El faro no había sido visitado durante más de quinientos años. Es más, casi estaba por derrumbarse por la falta de manteamiento y el constante choque de las olas. Era más como una decoración de otra era, que como algo funcional; pues ninguna luz había sido emitida desde que el supuesto brujo hizo aquel pacto.
Mas las aguas también escondían un secreto que muchos preferían no conocer. Criaturas y seres más antiguos que la propia creación merodean el mar, dicen las malas lenguas. Durante el día el pueblo realizaba sus tareas más convencionales, que ir a pescar cerca de la costa y obtener lo suficiente como para sobrevivir. Por su pequeño tamaño no poseen ningún tipo de comercio más allá de ser hermanos y vivir codo con codo. Si alguien le falta algo, el otro se lo da. De ahí que sea el único poblado que se mantiene al lado de un lugar tan peligroso.
Y dada su locación, que es el segundo lugar habitado más cercano al norte, a solo trecientos kilómetros de Yahun-hai, pocos son los que se atreven a aventurarla.

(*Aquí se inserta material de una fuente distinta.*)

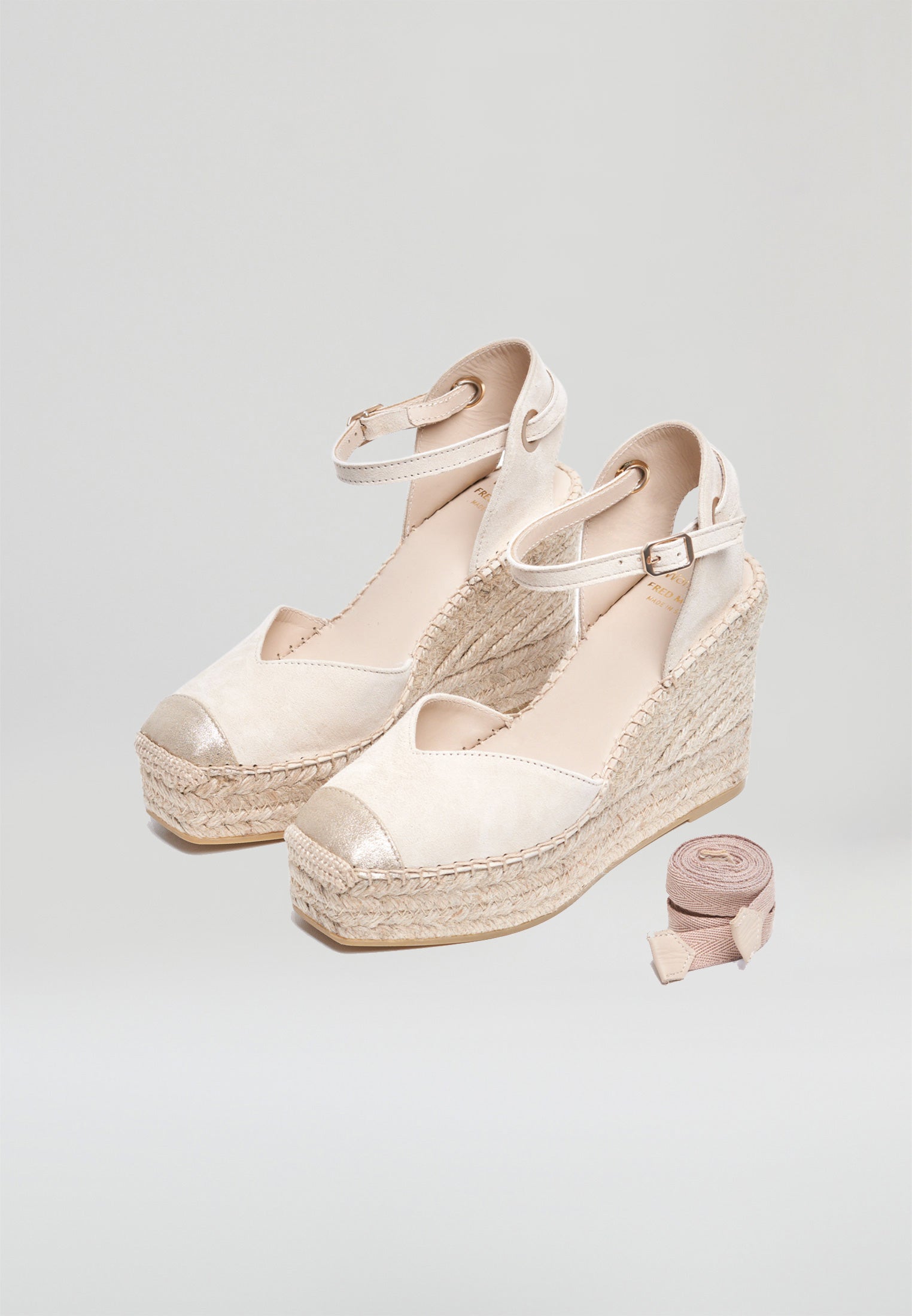 Wedges mit quadratischer Spitze - Taupe Platino Wildleder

¿Por qué Masiael quería ir hasta ella? Lo cierto es que había caminado durante meses, gastado casi todos sus recursos y dinero, solo para llegar. ¿Pero por qué? ¿Qué lo motivaba a hacer una obra tan peligrosa, o estúpida? Ni él mismo sabía con exactitud. Sin embargo, tenía la certeza, aquella misma que nace de la parte más interior del cuerpo de un hombre y que se aferra a él como si fuera una daga, y que por todo lo amado en el mundo sabes que es tan cierta como que existes, que nada te hace cambiar de parecer, de que el faro poseía algo que le haría poderoso.
En sueños había escuchado voces y susurros que le incitaba ir hasta un lugar apagado y ocultado en las tinieblas, que se elevaba por las alturas y que en su interior yacía un viejo libro. Sabía que si lo obtenía, todo lo que deseaba se volvería realidad: sería rico; tendría mujeres y sirvientes; una casa más grande que una montaña, y suficiente poder como para ayudar a su familia.

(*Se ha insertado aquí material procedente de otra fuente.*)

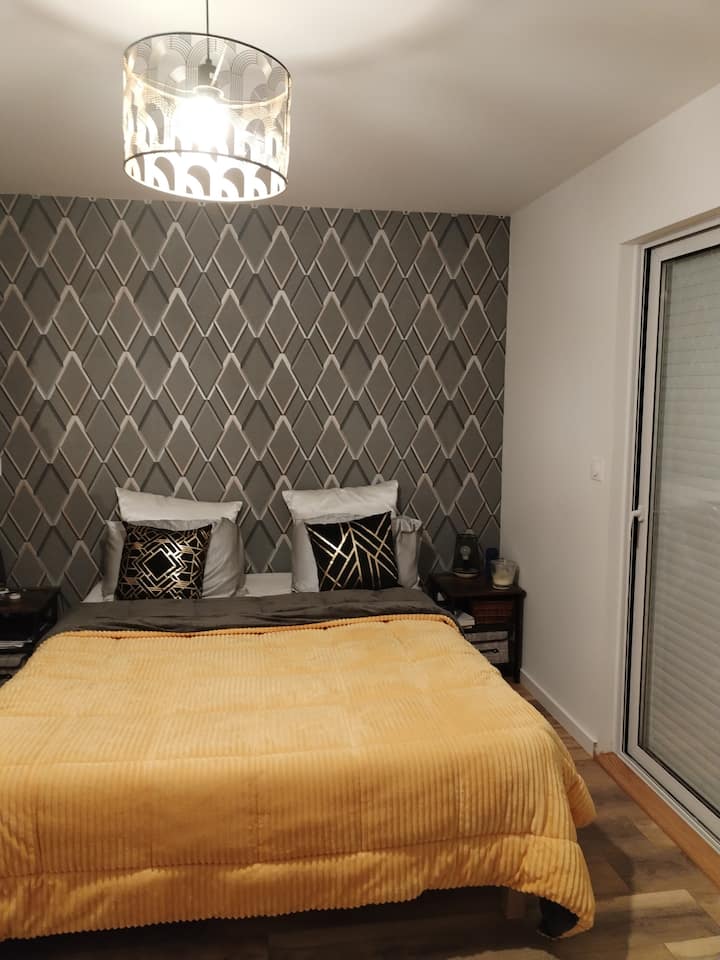 เตียงคู่ห้องมาสเตอร์สวีท 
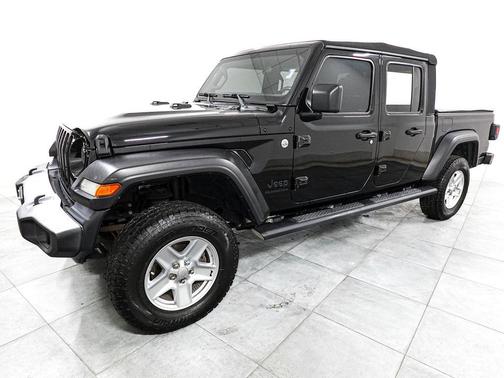 Black Clearcoat 2020 Jeep Gladiator Sport S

Pero no solo los sueños le habían incitado viajar hasta el lugar. También, en su lugar de nacimiento, se contaban crónicas e historias sobre el faro. Contadas eran estas, pues no era un lugar de importancia, y más cuando estaba tan cerca a Yahun-hai; sin embargo, eran lo suficientemente atractivas como para llamar la atención del joven, y querer aventurarse hasta ella, pues algo había de extraordinario en el faro: nadie había viajado hasta él solo para tratar de averiguar sus misterios. Y él sería el primero.
Lo tenía claro: iba a entrar.
Comenzó a subir las viejas y peligrosas escaleras de caracol que rodeaban la estructura. Estaban hechas de piedra, mas el paso de los siglos hizo su trabajo en ellas, y parecían más de madera húmeda que de roca. Subía de puntillas procurando no golpear una zona que estuviera a punto de colapsar, y llegó en poco hasta la cima. La puerta de hierro oxidada, de tono verdoso con puntos negros, se abría ante él de forma espeluznante, pues parecía darle la bienvenida.

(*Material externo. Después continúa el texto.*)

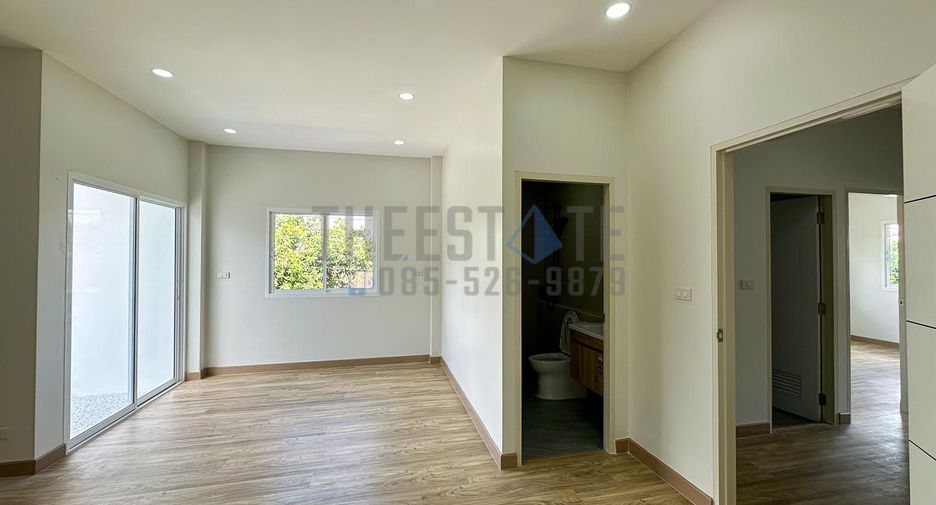 For sale 4 bedrooms townhouse in San Kamphaeng, Chiang Mai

Entró a la habitación que estaba rodeada por ventanales rotos. El aire entraba con fuerza y le decían al chico de que estaba en el lugar equivocado, pero él no temía a las advertencias. El piso era de madera, la cuál no había pasado por tanto desgaste a diferencia del resto de la obra. Y ahí, justo en el extremo opuesto de la entrada, una mesa pequeña de madera se encontraba sola, a excepción de dos objetos: un libro de piel cerrado, y los restos de un humano. Un cráneo pegado a un tórax desecho era lo único que quedaba de vestigio de las eras pasadas, y del supuesto brujo que alguna vez hizo aquel pacto.
Masiael tuvo miedo, pues al ver los restos humanos pensó en que él acabaría de la misma manera.
«¡No! No puede ser así. ¿Por qué? Digo… agh. No tiene sentido. ¿Es entonces el brujo? ¿Así terminó? No quiero terminar como él. ¿Me voy? Luche mucho para llegar hasta aquí. Gaste todo mi dinero… si regreso, seré un idiota. Tengo que conseguirlo. ¿Pero conseguiré esto, o la muerte?». Se preguntaba en su cabeza. Las inseguridades lo tomaron como una fiera agarra a un ternero y lo mata con sus fauces.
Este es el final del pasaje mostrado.